Marketing strategies aside, the appeal of ultra-processed foods is typically said to rest on a trio of seemingly benign attributes: They are inexpensive, easy to prepare and delicious. But Dr. van Tulleken sees the appeal deriving from something more insidious. With the aid of various additives and sophisticated chemical modifications, these foods have been manufactured to become addictive. He points to the speed of the reward (akin to the “hit” of snorted cocaine) and to the manipulation of brain signals. “By speedballing different tastes and sensations,” he writes, these foods “can force far more calories into us than we could otherwise handle, creating enormous neurological rewards that keep us coming back for more.” It’s not that people utterly lack agency, of course—the problem for many is less coercion than seduction. Ultra-processed foods surround us—they are prevalent in every drug store and grocery store and are the foundation of every fast-food outlet. As such, resisting them requires a greater degree of willpower than many of us routinely possess.
It’s amazing how a metaphorical cliché appropriate for rock music lyrics becomes profound when Dr. White Coat, Ph.D. uses it. “Such-and-such affects your brain like cocaine” is the “It was a dark and stormy night” of pop neuroscience writing. We need a Bulwer-Lytton category expansion to include nonfiction clickbait.
Oreos can be as addictive to the brain as cocaine, the authors of a scientific study have claimed.

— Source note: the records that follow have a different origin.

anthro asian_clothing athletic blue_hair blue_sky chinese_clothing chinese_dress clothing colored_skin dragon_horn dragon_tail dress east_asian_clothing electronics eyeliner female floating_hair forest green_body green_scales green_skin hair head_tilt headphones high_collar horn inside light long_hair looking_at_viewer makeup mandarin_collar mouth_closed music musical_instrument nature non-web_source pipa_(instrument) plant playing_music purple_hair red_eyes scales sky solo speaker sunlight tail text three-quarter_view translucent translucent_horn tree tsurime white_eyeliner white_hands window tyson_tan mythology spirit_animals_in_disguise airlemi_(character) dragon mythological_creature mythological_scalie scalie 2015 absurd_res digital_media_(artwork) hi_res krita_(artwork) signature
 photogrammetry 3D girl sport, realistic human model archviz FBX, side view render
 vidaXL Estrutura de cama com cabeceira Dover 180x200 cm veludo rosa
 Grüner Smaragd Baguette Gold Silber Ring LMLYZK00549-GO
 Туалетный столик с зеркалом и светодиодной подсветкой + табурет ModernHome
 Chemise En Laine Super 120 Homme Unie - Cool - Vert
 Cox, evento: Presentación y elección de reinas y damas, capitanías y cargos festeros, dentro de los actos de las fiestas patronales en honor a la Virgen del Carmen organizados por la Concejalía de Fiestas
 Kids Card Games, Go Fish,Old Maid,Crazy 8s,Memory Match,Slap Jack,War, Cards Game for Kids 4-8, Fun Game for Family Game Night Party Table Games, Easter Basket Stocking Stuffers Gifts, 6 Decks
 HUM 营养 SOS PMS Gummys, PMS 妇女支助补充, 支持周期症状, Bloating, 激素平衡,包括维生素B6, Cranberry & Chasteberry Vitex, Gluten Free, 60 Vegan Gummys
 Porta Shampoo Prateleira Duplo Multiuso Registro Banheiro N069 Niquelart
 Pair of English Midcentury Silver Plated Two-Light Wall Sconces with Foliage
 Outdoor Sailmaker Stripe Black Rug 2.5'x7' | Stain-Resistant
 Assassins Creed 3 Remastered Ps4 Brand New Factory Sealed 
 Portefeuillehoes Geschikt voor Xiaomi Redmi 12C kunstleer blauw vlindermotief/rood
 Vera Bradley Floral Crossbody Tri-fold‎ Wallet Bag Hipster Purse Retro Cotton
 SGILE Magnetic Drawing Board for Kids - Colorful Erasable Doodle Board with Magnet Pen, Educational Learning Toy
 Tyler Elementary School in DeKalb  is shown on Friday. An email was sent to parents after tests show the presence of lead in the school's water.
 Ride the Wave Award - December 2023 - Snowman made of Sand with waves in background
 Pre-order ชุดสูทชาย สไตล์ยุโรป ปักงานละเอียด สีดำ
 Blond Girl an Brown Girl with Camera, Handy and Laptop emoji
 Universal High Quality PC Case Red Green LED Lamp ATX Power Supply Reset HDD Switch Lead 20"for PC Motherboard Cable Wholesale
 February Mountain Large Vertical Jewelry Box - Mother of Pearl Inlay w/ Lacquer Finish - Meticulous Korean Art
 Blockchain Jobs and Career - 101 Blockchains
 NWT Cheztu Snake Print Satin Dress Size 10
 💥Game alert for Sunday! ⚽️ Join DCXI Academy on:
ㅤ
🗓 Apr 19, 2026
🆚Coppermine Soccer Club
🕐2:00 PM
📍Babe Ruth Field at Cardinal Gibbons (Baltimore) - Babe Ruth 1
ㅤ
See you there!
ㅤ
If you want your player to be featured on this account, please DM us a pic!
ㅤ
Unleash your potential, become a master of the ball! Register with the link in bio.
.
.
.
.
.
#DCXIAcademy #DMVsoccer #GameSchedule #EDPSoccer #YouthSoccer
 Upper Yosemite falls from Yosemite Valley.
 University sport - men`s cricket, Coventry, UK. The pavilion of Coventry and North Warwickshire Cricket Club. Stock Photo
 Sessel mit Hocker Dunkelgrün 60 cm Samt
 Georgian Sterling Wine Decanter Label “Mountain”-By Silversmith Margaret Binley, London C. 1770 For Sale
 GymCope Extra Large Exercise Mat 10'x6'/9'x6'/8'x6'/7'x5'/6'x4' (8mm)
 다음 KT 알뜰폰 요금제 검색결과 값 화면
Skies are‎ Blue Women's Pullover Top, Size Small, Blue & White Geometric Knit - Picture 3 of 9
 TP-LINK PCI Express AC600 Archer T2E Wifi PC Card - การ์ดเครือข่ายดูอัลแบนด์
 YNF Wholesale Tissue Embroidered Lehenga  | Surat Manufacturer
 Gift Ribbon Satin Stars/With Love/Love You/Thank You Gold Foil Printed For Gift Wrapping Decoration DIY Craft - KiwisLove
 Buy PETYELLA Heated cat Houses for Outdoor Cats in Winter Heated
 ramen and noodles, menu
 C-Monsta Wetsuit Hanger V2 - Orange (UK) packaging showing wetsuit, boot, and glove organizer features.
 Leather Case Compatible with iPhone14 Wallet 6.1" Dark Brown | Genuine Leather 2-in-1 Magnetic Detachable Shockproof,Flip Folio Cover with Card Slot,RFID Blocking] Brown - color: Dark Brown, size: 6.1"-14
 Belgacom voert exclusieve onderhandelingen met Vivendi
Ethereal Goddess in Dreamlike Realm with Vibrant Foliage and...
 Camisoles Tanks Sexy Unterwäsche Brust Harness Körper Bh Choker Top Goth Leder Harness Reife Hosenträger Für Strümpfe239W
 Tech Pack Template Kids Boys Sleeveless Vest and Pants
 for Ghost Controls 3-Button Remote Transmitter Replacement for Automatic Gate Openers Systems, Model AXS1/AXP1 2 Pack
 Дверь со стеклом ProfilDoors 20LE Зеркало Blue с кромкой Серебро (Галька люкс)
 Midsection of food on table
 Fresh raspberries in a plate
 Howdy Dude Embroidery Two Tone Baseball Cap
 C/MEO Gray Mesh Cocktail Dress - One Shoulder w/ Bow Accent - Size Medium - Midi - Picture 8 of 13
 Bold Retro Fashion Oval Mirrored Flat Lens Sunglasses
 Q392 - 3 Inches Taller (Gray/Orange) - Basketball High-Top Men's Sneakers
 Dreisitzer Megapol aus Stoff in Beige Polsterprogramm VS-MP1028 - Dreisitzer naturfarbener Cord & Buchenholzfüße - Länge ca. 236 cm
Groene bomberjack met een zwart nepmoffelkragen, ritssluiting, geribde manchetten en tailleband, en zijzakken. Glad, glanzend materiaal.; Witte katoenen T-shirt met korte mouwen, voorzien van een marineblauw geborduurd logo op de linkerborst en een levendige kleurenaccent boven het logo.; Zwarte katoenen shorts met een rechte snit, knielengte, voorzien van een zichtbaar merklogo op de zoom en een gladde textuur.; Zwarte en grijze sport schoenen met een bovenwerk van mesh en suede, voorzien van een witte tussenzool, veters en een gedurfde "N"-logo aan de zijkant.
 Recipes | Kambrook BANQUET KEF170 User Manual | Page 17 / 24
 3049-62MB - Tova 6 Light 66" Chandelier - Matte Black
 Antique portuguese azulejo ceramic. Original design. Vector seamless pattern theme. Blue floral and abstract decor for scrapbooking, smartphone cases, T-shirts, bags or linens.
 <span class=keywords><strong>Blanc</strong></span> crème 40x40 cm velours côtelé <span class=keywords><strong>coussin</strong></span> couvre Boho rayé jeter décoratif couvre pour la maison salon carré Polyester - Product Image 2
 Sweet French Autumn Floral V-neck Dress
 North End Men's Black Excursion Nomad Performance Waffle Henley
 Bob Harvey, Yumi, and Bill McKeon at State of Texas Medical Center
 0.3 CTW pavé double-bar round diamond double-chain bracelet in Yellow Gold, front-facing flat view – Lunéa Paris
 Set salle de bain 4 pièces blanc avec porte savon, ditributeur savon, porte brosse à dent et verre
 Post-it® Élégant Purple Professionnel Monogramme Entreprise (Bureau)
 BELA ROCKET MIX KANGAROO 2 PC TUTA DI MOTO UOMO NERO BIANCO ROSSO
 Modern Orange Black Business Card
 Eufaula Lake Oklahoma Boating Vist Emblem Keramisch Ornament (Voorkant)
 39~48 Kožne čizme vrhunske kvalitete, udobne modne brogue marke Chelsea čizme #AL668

Well, yeah, if you’re stupid enough to snort or inject them, duh. Stick to smoking them and you won’t get hooked.
I’m sorry, you’re right, the horrible results of cookie addiction are no laughing matter.
America, I’m here today because I love and care about you. This is why, after the latest episode, I want to urge you to seek treatment for your addiction to moronic pop-science stories about how everything from chocolate to the Internet, make-up sex and fatty foods is “like cocaine”. There are only so many facile comparisons your brain can handle, and I don’t want to find you dead of an overdose.
Questions about the Internet’s deleterious effects on the mind are at least as old as hyperlinks. But even among Web skeptics, the idea that a new technology might influence how we think and feel—let alone contribute to a great American crack-up—was considered silly and naive, like waving a cane at electric light or blaming the television for kids these days. Instead, the Internet was seen as just another medium, a delivery system, not a diabolical machine. It made people happier and more productive. And where was the proof otherwise?
Now, however, the proof is starting to pile up. The first good, peer-reviewed research is emerging, and the picture is much gloomier than the trumpet blasts of Web utopians have allowed. The current incarnation of the Internet—portable, social, accelerated, and all-pervasive—may be making us not just dumber or lonelier but more depressed and anxious, prone to obsessive-compulsive and attention-deficit disorders, even outright psychotic. Our digitized minds can scan like those of drug addicts, and normal people are breaking down in sad and seemingly new ways.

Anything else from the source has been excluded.